1. Je tiens à remercier M. Guy Fontaine, coauteur de Lettres européennes Manuel universitaire d’histoire de la littérature européenne, pour sa contribution à l’élaboration du présent rapport.
2. «L’Europe n’a pas réussi à penser sa littérature comme une unité historique, et je ne cesserai de répéter que c’est là son irréparable échec intellectuel», écrit, en 2005, le romancier tchèque Milan Kundera dans son essai Le rideau.
3. «Que resterait-il de l’Europe, cette vieille dame au cœur fragile, si disparaissaient d’un coup les ligaments politiques et institutionnels qui l’ont tenue depuis plus d’un demi-siècle?», s’interroge la critique littéraire Raphaëlle Rérolle.

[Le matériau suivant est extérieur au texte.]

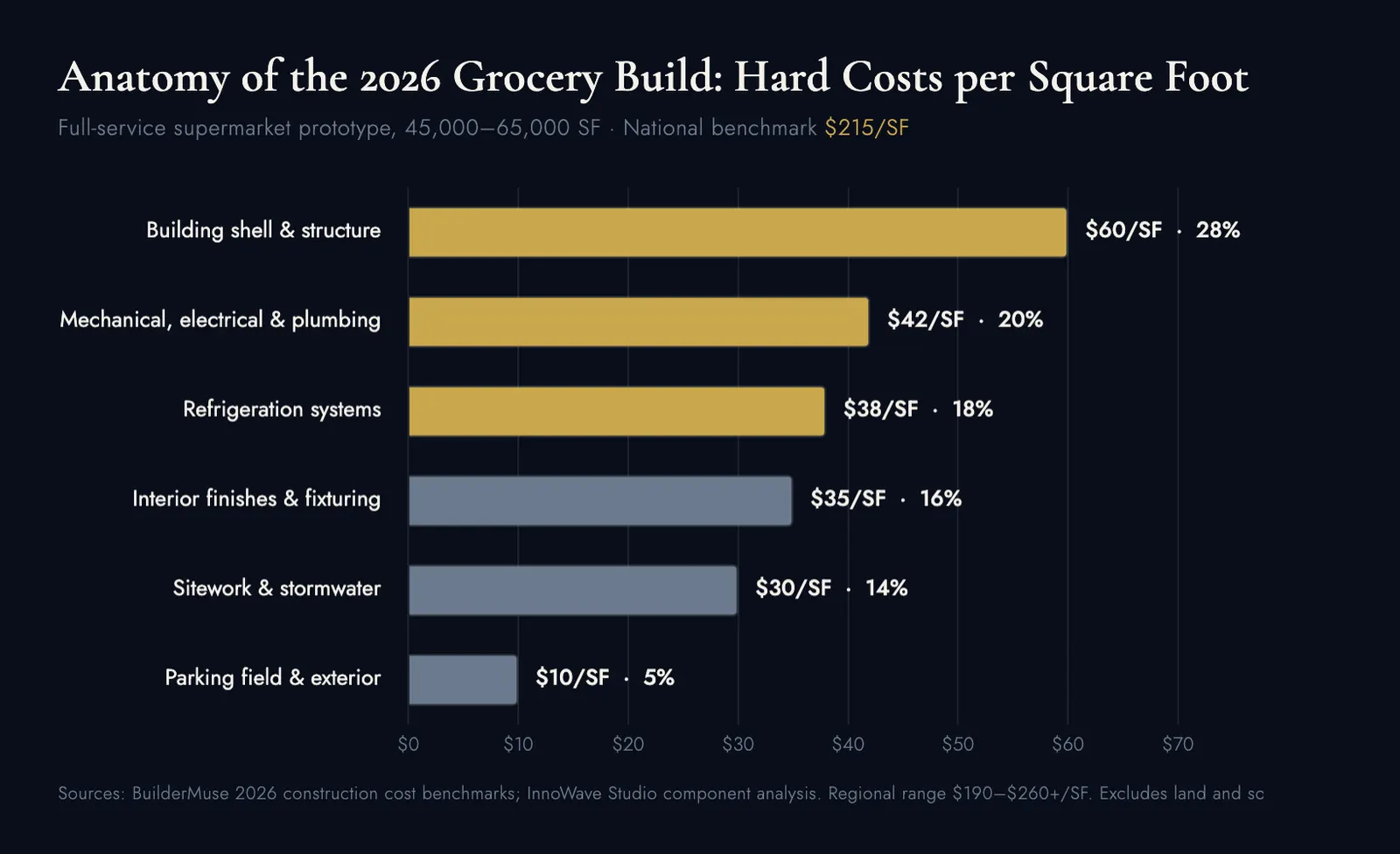 Chart: Anatomy of the 2026 Grocery Build: Hard Costs per Square Foot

4. La promotion de l’apprentissage des littératures d’Europe apparaît comme l’un des moyens pour donner chair et verbe à ce que 800 millions d’Européens considèrent trop souvent comme une simple ossature administrative, dotée d’un langage strictement rhétorique et technocratique: les littératures européennes seront une discipline d’enseignement, au sein de la famille des sciences humaines. Elles formeront «des connaisseurs de la condition humaine», pour reprendre le mot de Tzvetan Todorov.

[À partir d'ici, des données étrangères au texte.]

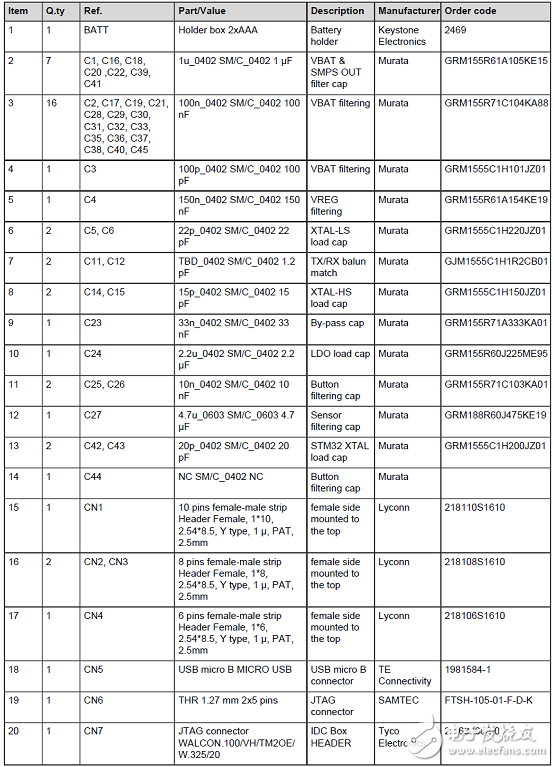 ST BlueNRG-2藍(lán)牙低功耗(BLE)無(wú)線系統(tǒng)芯片開(kāi)發(fā)方案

5. Mais de multiples hypothèques doivent être levées, avant d’avancer vers une didactique citoyenne et d’oser envisager l’apprentissage des littératures d’Europe comme une école de formation à la diversité culturelle européenne: c’est dans cette direction qu’ont convergé les débats tenus, le 11 décembre 2007, au Sénat, à Paris, par les experts rassemblés à l’initiative de la commission de la culture, de la science et de l’éducation de l’Assemblée parlementaire du Conseil de l’Europe, que j’ai l’honneur de présider (voir AS/Cult (2007) 35).
6. La mise en place, dans tous les Etats membres du Conseil de l’Europe, d’une pédagogie novatrice de la littérature, tenant compte de sa dimension européenne, n’a pas pour finalité l’enseignement d’un canon supranational «eurocentrique» se substituant à un enseignement souvent ethnocentrique de la littérature/langue maternelle.
7. Promouvoir l’enseignement des littératures européennes, c’est:
a. reconnaître la perméabilité de la littérature de notre continent, parallèlement à sa contribution à la circulation mondiale des idées;
b. protéger le pluralisme des langues dans lesquelles elle est créée;
c. prendre en compte les pratiques pédagogiques existantes, dans chacun des pays concernés;
d. encourager la traduction littéraire, tant pour le patrimoine ancien que pour la création contemporaine;
e. éditer et démultiplier la création littéraire, accepter le défi vertigineux des nouvelles technologies, protéger les auteurs.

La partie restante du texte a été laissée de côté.